4 Replies to “First Cup of Coffee – January 30, 2020”

  1. I dislike readings as well. I prefer when the author does a Q&A or the author talks about behind-the-scenes stuff as you described, even though I have zero plans to ever write a book. As I’ve said before this often reminds me of those director commentaries on DVDs.

    For multi-author events, perhaps a panel Q&A, so long as everyone gets the chance to talk. This obviously will work better if the authors all write in the same general genre so there’s more of a chance for cross appeal (so maybe not a dark horror writer who graphically describes murders with one who pens cozies with cute animals even though both might be part of the mystery genre).

  2. Most of what I would call “author events” that I’ve been to were book launches, and they were local, of friends. We don’t get authors on tour here (or at least, none that I know/care about). The book launches were usually held more like a party than anything, a celebration that the book was out now (and this included at least one that was self-published). I’ve also been to a couple that were at conventions and they were more like parties as well. So, probably the most important thing is to have some food and drinks 😉

    As far as readings go, I actually really like author readings; it’s one of my favorite things to go to at conventions. It does help if they are good at reading (a skill most authors should probably develop) and if they’ve picked a good piece to read. The event you held at I forget which con, where you read each other’s sex scenes, was especially memorable and entertaining.

    I think what most *readers* want when they go to an author event is a few seconds of one-on-one time with the author. That’s what signings are for (and why, just being able to buy an already signed book is *not* equivalent). People want to connect, even if all they do is smile awkwardly while the author gets their name from a post-it their assistant wrote and signs the book without saying a word.

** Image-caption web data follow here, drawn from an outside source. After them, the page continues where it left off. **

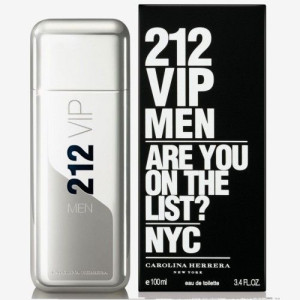 Carolina Herrera, 212 VIP Men, woda toaletowa, 100 ml
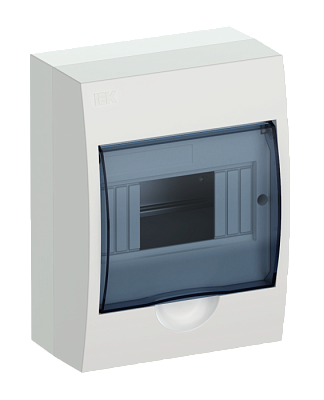 Бокс  ЩРН-П-6 мод.навесной пластик IP44 IEK купить Боксы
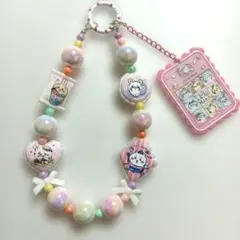 ちいかわ ストラップ キーホルダー ピンク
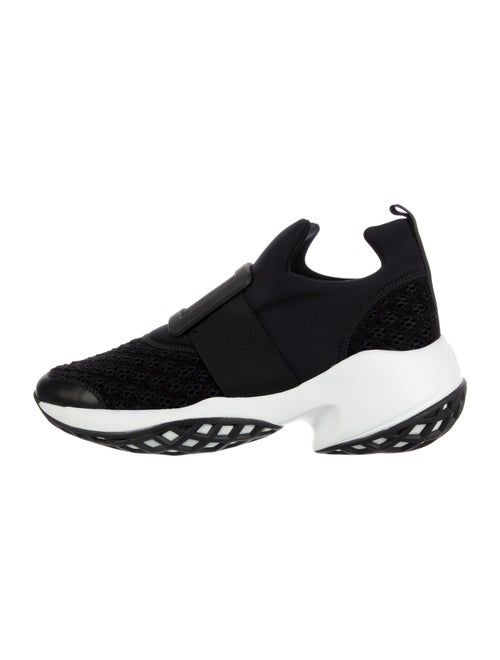 Roger Vivier Neoprene Athletic Sneakers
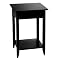 American Heritage End Table - Black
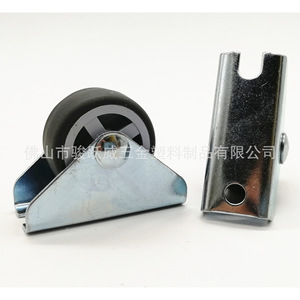 Furniture Casters 30mm Rubber Wheel Rigid Silent For Furniture - Product Image 4
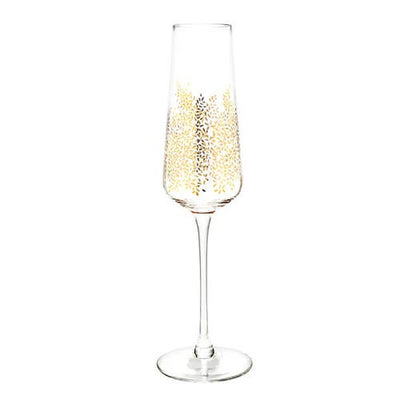 Sara Miller Chelsea Collection Set of 4 Champagne Flutes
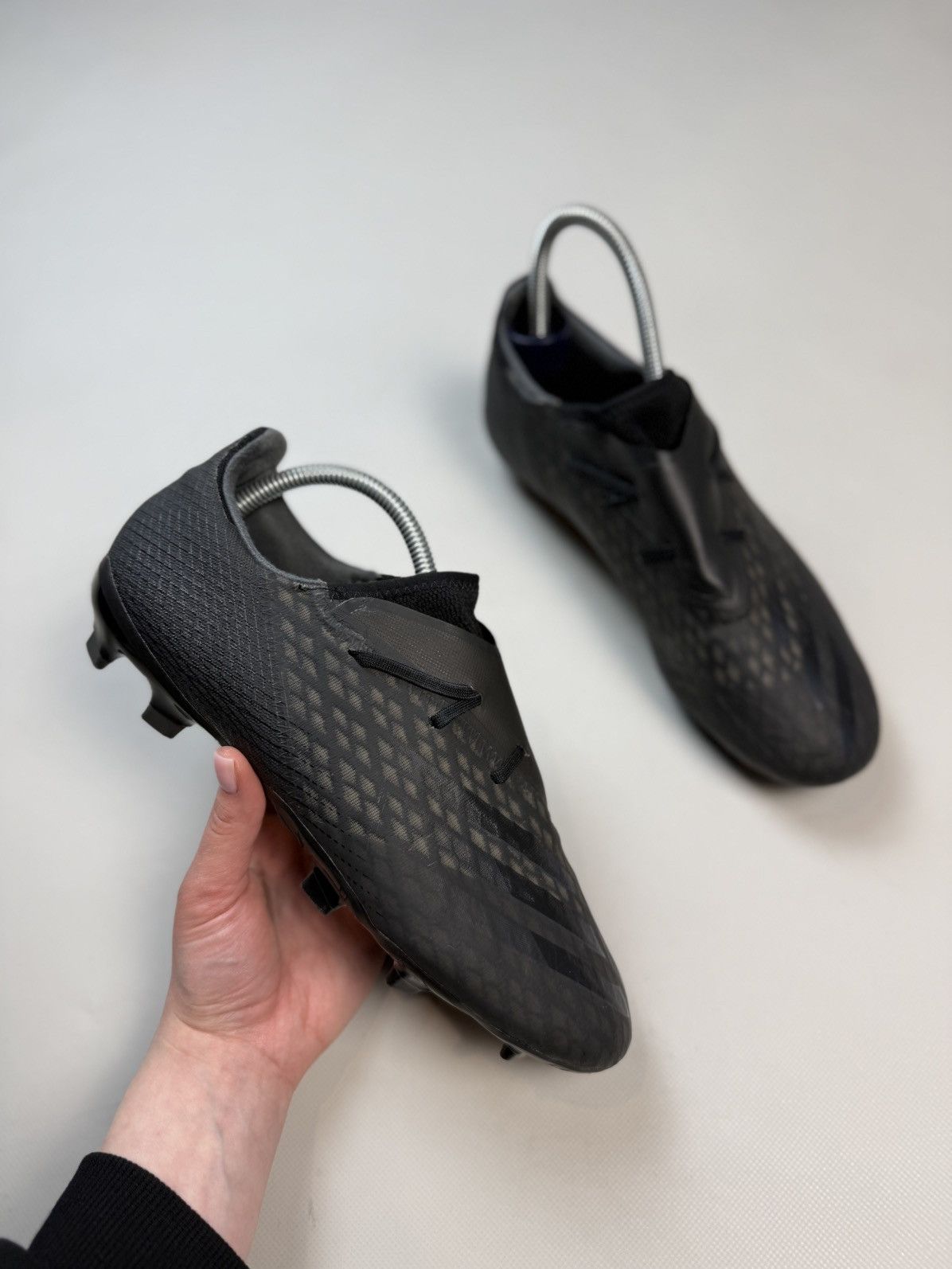 Adidas Adidas X Ghosted .2 FG Men’s Soccer Cleats Shoes EH2834 Size US 9 / EU 42 - 1 Thumbnail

    We do have authors hold events at the library occasionally (again, usually locals), but then there is usually already a topic planned (like “Hear what Jeffe Kennedy has to say about worldbuilding!”)

    I don’t think I’ve ever been to a multi-author event, but I imagine (to the lesser known author) it’s not much better or worse than being next to one of the big-shots at a convention hall or multi-signing. It’s kind of like being the warm-up band for a concert – they’re still getting a lot more attention than if they were doing it alone.

    1. I do love the parties, too. 😀 Oh, yes! That was with Megan Hart at Coastal Magic. Reading each other’s sex scenes was a total hoot! I should absolutely keep that in mind for adult events. 😀
      You make a really point about the connection, and we don’t always make the time for that. And very true about being the warm-up band! Ed Sheeran used to open for Damien Rice and look how that turned out.